(Records supplied)
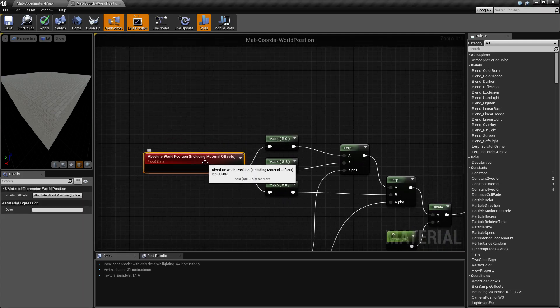So the World Position Node, again, simply gives you where in world space this pixel is at. And that's it. If you have any questions or comments, please feel free to leave them below.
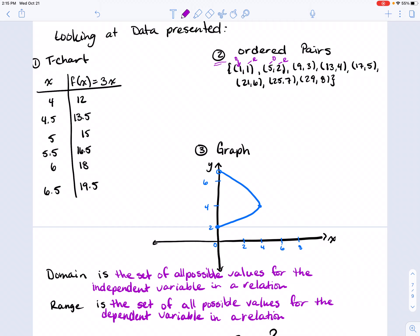When it comes to the t-chart, the x values in this column would be part of the domain, and in the f(x) column those numbers would be part of our range. For our graph, we're looking at our x and y axis — the x axis numbers relate to our domain, and the y axis numbers relate to our range.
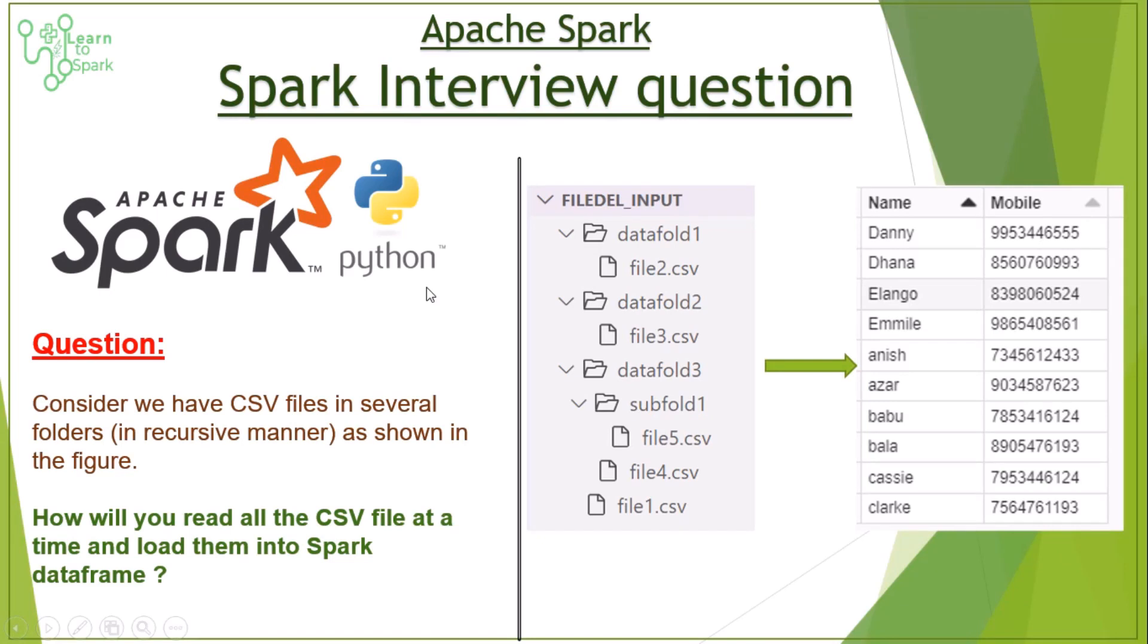Hello friends, welcome to our today's session on Spark. In this series we are learning Spark interview questions and in our today's video we will solve one of the interview questions that is recently asked in Spark interviews.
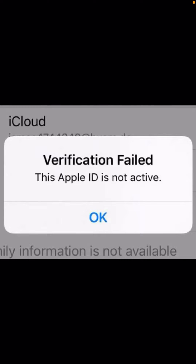Hi guys, welcome back to my YouTube channel. In this video I'm going to show you how to fix the verification field 'this Apple ID is not active' problem. Before starting, please watch my video completely until the end so your problem will be fixed. If you're new to my channel, please subscribe and leave a like and comment.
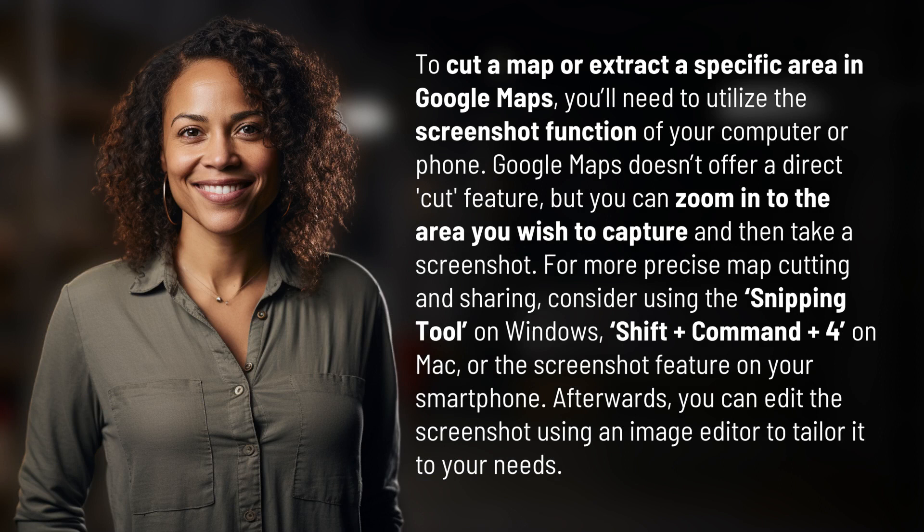Google Maps doesn't offer a direct cut feature, but you can zoom in to the area you wish to capture and then take a screenshot. For more precise map cutting and sharing, consider using the Snipping Tool on Windows, Shift plus Command plus 4 on Mac, or the screenshot feature on your smartphone.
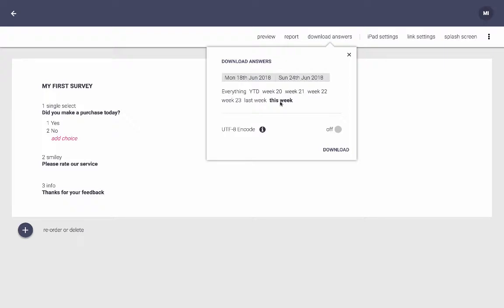You may also want to choose if you want UTF-8 encoding of your data. The standard encoding is ANSI, which is very good for, for instance, Excel. But you can choose UTF-8 if you have special characters like Arabic, for instance, or certain European or Asian characters.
(End Records supplied)
*What you will do:*
Transcribe every line in the entries above, taking out only the images.

*Task answer:*
So the World Position Node, again, simply gives you where in world space this pixel is at. And that's it. If you have any questions or comments, please feel free to leave them below.
When it comes to the t-chart, the x values in this column would be part of the domain, and in the f(x) column those numbers would be part of our range. For our graph, we're looking at our x and y axis — the x axis numbers relate to our domain, and the y axis numbers relate to our range.
Hello friends, welcome to our today's session on Spark. In this series we are learning Spark interview questions and in our today's video we will solve one of the interview questions that is recently asked in Spark interviews.
Hi guys, welcome back to my YouTube channel. In this video I'm going to show you how to fix the verification field 'this Apple ID is not active' problem. Before starting, please watch my video completely until the end so your problem will be fixed. If you're new to my channel, please subscribe and leave a like and comment.
Google Maps doesn't offer a direct cut feature, but you can zoom in to the area you wish to capture and then take a screenshot. For more precise map cutting and sharing, consider using the Snipping Tool on Windows, Shift plus Command plus 4 on Mac, or the screenshot feature on your smartphone.
You may also want to choose if you want UTF-8 encoding of your data. The standard encoding is ANSI, which is very good for, for instance, Excel. But you can choose UTF-8 if you have special characters like Arabic, for instance, or certain European or Asian characters.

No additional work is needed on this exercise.